Segment Start: Supplied data
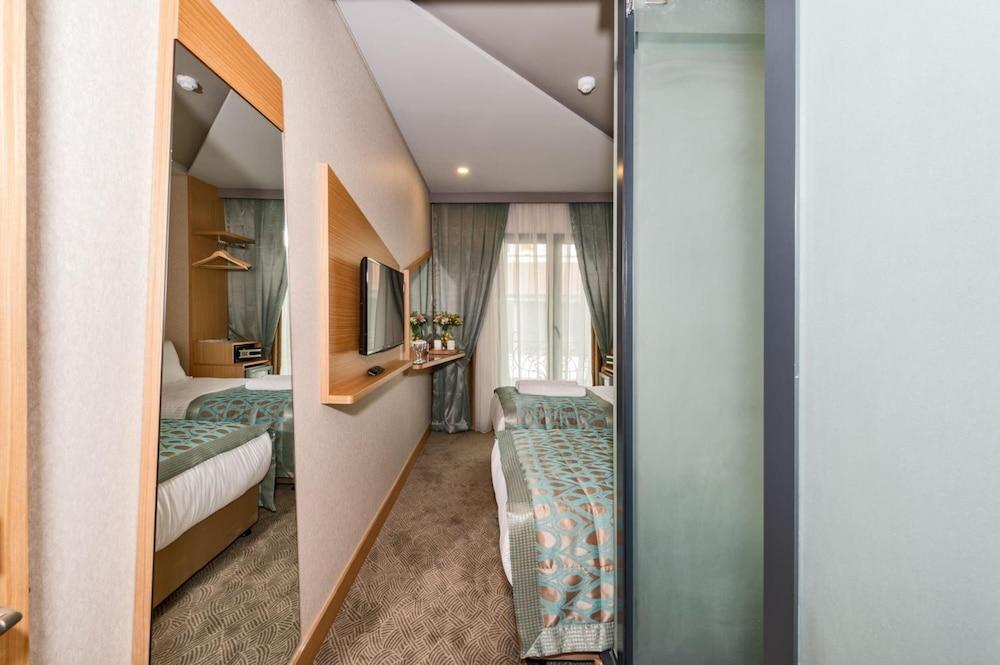 Genova Hotel 3*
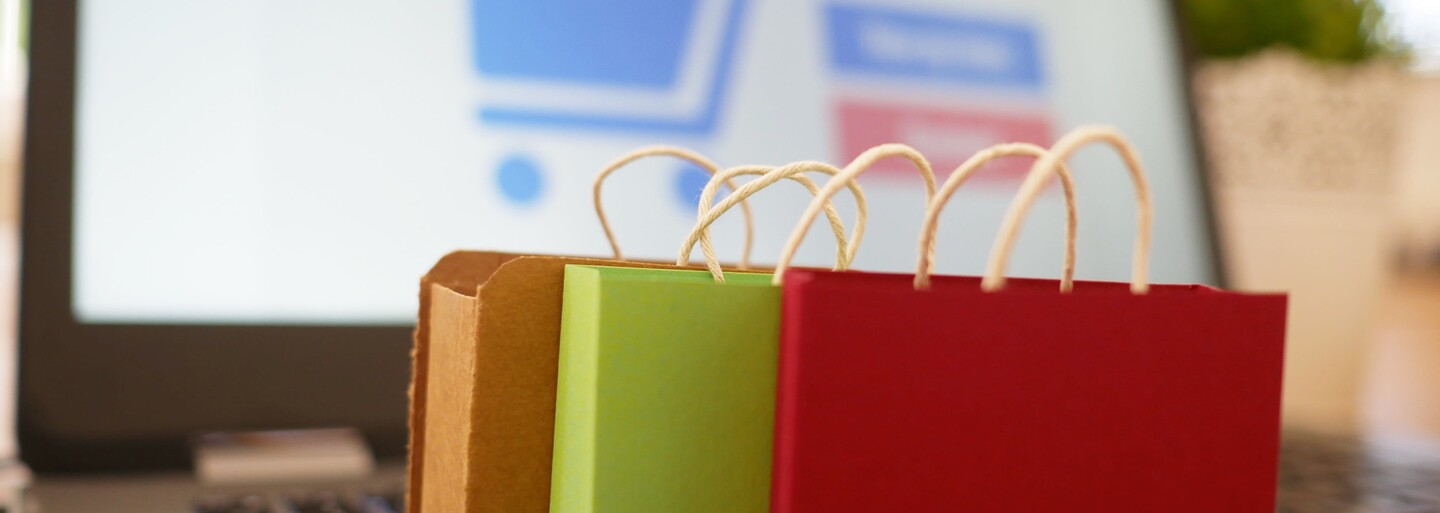 Tyto e-shopy jsou podle ČOI rizikové. Inspekce před nimi varuje a doporučuje lidem, aby nákup z nich zvážili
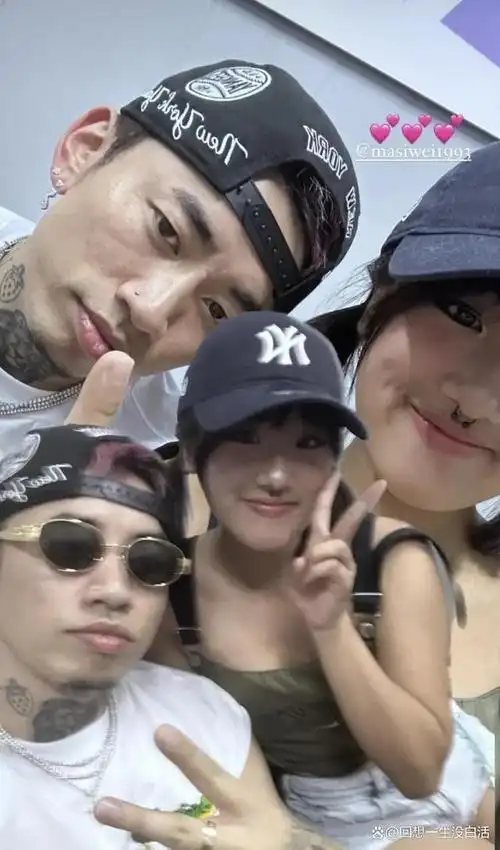 贾静雯大女儿梧桐妹近日在个人社交平台上晒出与知名说唱歌手马思唯在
Segment End: Supplied data
Reproduce the data word for word without its images.

 Genova Hotel 3*
 Tyto e-shopy jsou podle ČOI rizikové. Inspekce před nimi varuje a doporučuje lidem, aby nákup z nich zvážili
 贾静雯大女儿梧桐妹近日在个人社交平台上晒出与知名说唱歌手马思唯在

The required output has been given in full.